Amazon outage and the auto-immune vulnerabilities of resiliency
Today is Judgment Day, when Skynet becomes self-aware. It is, apparently, also a very, very bad day for Amazon Web Services.
Lots of people have raised questions today about what Amazon’s difficulties today mean for the future of cloud IaaS. My belief is that this doesn’t do anything to the adoption curve — but I do believe that customers who rely upon Amazon to run their businesses will, and should, think hard about the resiliency of their architectures.
It’s important to understand what did and did not happen today. There’s been a popular impression that “EC2 is down”. It’s not. To understand what happened, though, some explanation of Amazon’s infrastructure is necessary.
Amazon divides its infrastructure into “regions”. You can think of a region as basically analogous to “a data center”. For instance, US-East-1 is Amazon’s Northern Virginia data center, while US-West-1 is Amazon’s Silicon Valley data center. Each region, in turn, is divided into multiple “availability zones” (AZs). You can think of an AZ is basically analogous to “a cluster” — it’s a grouping of physical and logical resources. Each AZ is designated by letters — for instance, US-East-1a, US-East-1b, etc. However, each of these designations are customer-specific (which is why Amazon’s status information cannot easily specify which AZ is affected by a problem).

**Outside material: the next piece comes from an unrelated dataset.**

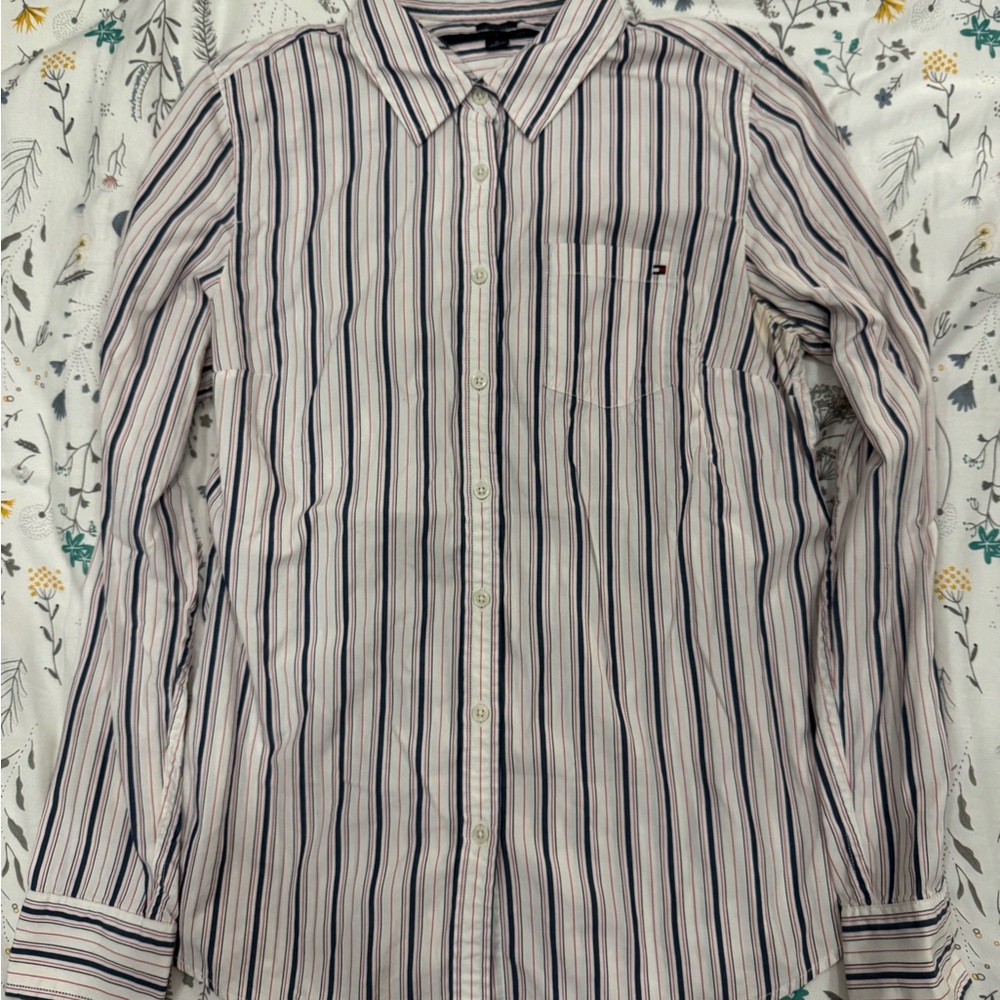 Tommy Hilfiger White and Blue Casual Button Down Shirt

Amazon’s virtual machine offering is the Elastic Compute Cloud (EC2). When you provision an EC2 “instance” (Amazon’s term for a VM), you also get an allocation of “instance storage”. Instance storage is transient — it exists only as long as the VM exists. Consequently, it’s not useful for storing anything that you actually want to keep. To get persistent storage, you use Amazon’s Elastic Block Store (EBS), which is basically just network-attached storage. Many people run databases on EC2 that are backed by EBS, for instance. Because that’s such a common use case, Amazon offers the Relational Database Service (RDS), which is basically an EC2 instance running MySQL.

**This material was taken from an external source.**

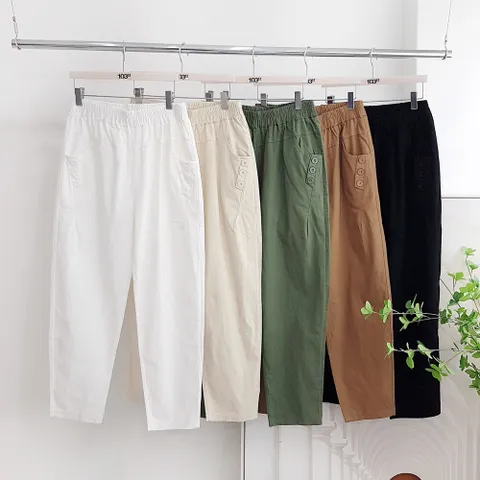 린넨 밴딩 스판 여름 배기 팬츠/시원한 몸빼 고무줄 마 바지/여성 빅사이즈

Amazon’s issues today are with EBS, and with RDS, both in the US-East-1 region. (My guess is that the issues are related, but Amazon has not specifically stated that they are.) Customers who aren’t in the US-East-1 region aren’t affected (customers always choose which region and specific AZs they run in). Customers who don’t use EBS or RDS are also unaffected. However, use of EBS is highly commonplace, and likely just about everyone using EC2 for a production application or Web site is reliant upon EBS. Consequently, even though EC2 itself has been running just fine, the issues have nevertheless had a major impact on customers. If you’re storing your data on EBS, the issues with EBS have made your data inaccessible, or they’ve made access to that data slow and unreliable. Ditto with RDS. Obviously, if you can’t get to your data, you’re not going to be doing much of anything.
In order to get Amazon’s SLA for EC2, you, as a customer, have to run your application in multiple AZs within the same region. Running in multiple AZs is supposed to isolate you from the failure of any single AZ. In practice, of course, this only provides you so much protection — since the AZs are typically all in the same physical data center, anything that affects that whole data center would probably affect all the AZs. Similarly, the AZs are not totally isolated from one another, either physically or logically.

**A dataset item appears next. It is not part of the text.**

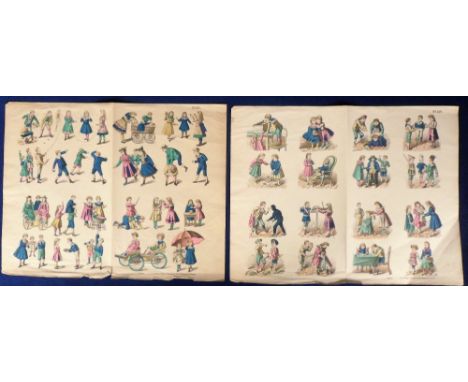 Ephemera, Victorian Scraps circa 1865, 2 different uncut sheets of hand coloured scraps showing children playing, 32 images i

However, when you create an EBS volume, you place it in a specific availability zone, and you can only attach that EBS volume to EC2 instances within that same availability zone. That complicates resiliency, since if you wanted to fail over into another AZ, you’d still need access to your data. That means if you’re going to run in multiple AZs, you have to replicate your data across multiple AZs.
One of the ways you can achieve this is with the Multi-AZ option of RDS. If you’re running a MySQL database and can do so within the constraints of RDS, the multi-AZ option lets you gain the necessary resiliency for your database without having to replicate EBS volumes between AZs.
As one final caveat, data transfer within a region is free and fast — it’s basically over a local LAN, after all. By contrast, Amazon charges you for transfers between regions, which goes over the Internet and has the attendant cost and latency.
Consequently, there are lots of Amazon customers who are running in just a single region. A lot of those customers may be running in just a single AZ (because they didn’t architect their app to easily run in multiple AZs). And of the ones who are running in multiple AZs, a fair number are reliant upon the multi-AZ functionality of RDS.
That’s why today’s impacts were particularly severe. US-East-1 is Amazon’s most popular region. The problems with EBS impacted the entire region, as did the RDS problems (and multi-AZ RDS was particularly impacted), not just a single AZ, so if you were multiple-AZ but not multi-region, the resiliency you were theoretically getting was of no help to you. Today, people learned that it’s not necessarily adequate to run in multiple AZs. (Justin Santa Barbara has a good post about this.)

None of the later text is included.